Les pays n’ont pas immédiatement perçu l’intérêt stratégique des diasporas. Dans les années 1960, les migrations maghrébines vers l’Europe sont perçues comme un phénomène purement conjoncturel. Dans le contexte de décolonisation de l’époque, l’immigration concerne principalement d’anciens travailleurs des colonies qui suivent les capitaux français rapatriés en métropole. Les pays, émetteur comme récepteur, présupposent le retour de ces populations dans leur pays d’origine. Cependant, dans le cas de la France, les décisions prises par le gouvernement dans les années soixante-dix participent de l’installation pérenne de la migration maghrébine dans le pays. Le regroupement familial, autorisé en 1978, donne lieu à l’arrivée massive de femmes et d’enfants maghrébins qui rejoignent les pères en émigration. Bien que l’installation pérenne de populations en dehors du territoire national ait été longtemps ressentie comme une humiliation par les pays maghrébins, l’immigration des années 1960 et 1970 ont ouvert la voie à une prise de conscience par ces pays de l’importance des diasporas, dont ils ont rapidement pressenti l’intérêt économique pour les populations restées dans le pays. Aujourd’hui, l’intégration économique du Maghreb resterait très faible sans l’apport des diasporas installées en Europe. Les revenus des 14 millions de personnes d’origine maghrébine installées en Europe correspondent à l’ensemble du PIB maghrébin.
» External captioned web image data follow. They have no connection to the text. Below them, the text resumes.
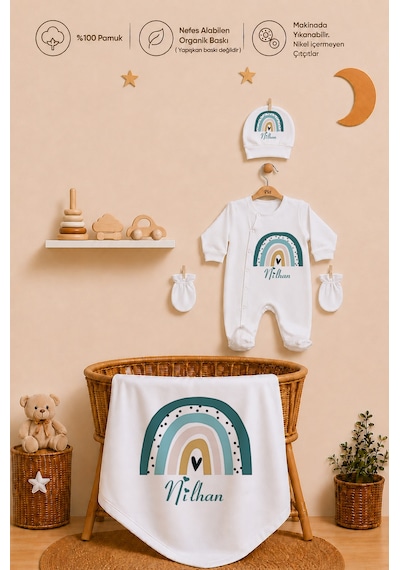 Pia Baby Kişiye Özel Erkek Bebek Tulum Set 4 Parça %100 Pamuk İsimli Organik Baskılı Battaniyeli 1095btyx Krem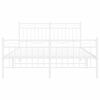 vidaXL Metal Bed Frame without Mattress with Footboard White 140x190cm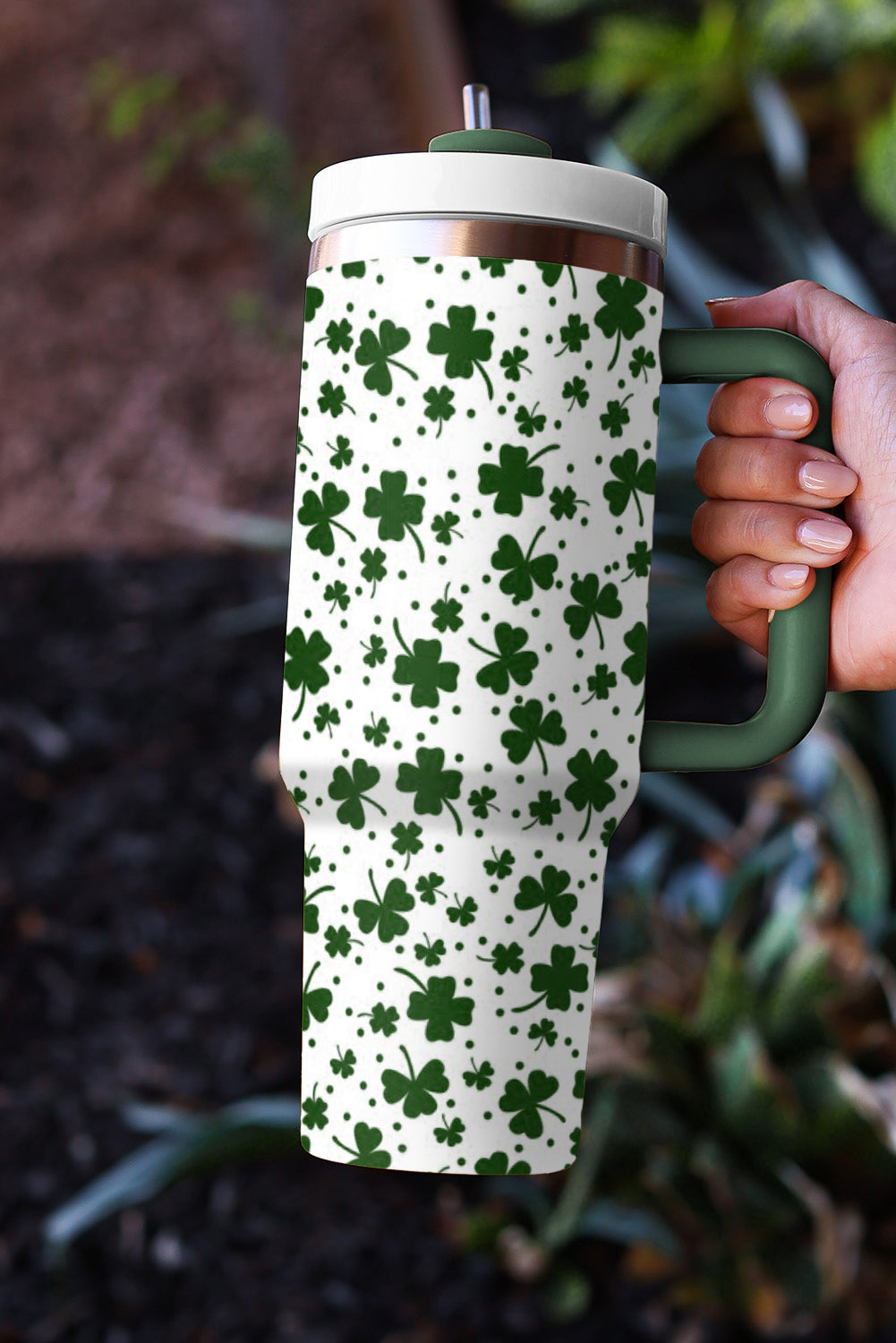 Thermos Clover Print Cup with Handle 40oz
De son côté, la diaspora indienne est un acteur géopolitique de longue date. Son importance a été cruciale dans la construction de l’idée contemporaine de l’Inde. A l’époque coloniale, les élites indiennes expatriées ont été les principaux médiateurs des mauvais traitements qui touchaient les sujets indiens au sein-même de l’Empire. Cela a motivé leurs revendications en faveur de l’indépendance de l’Inde. Pourtant, en 1947, lorsque le pays obtient son indépendance, la perception des Indiens de l’étranger change en même temps que l’idée de l’Inde se réduit à l’idée d’un Etat-Nation fondé sur ses frontières continentales. Le pays prend ses distances avec la diaspora, alors perçue comme des complices de la Grande-Bretagne s’adonnant au jeu des « blancs ». L’arrivée au pouvoir du parti nationaliste en 1998 puis sa réélection en 2014 ont instauré une nouvelle vision de la nationalité indienne, fondée sur le sang, l’ethnie et la religion. Ce changement de politique intérieure modifie de facto le statut de la diaspora, qui se voit à nouveau inclue au sein de l’Etat-Nation, pendant que les nationaux d’appartenance ethnique ou religieuse différente en sont exclus.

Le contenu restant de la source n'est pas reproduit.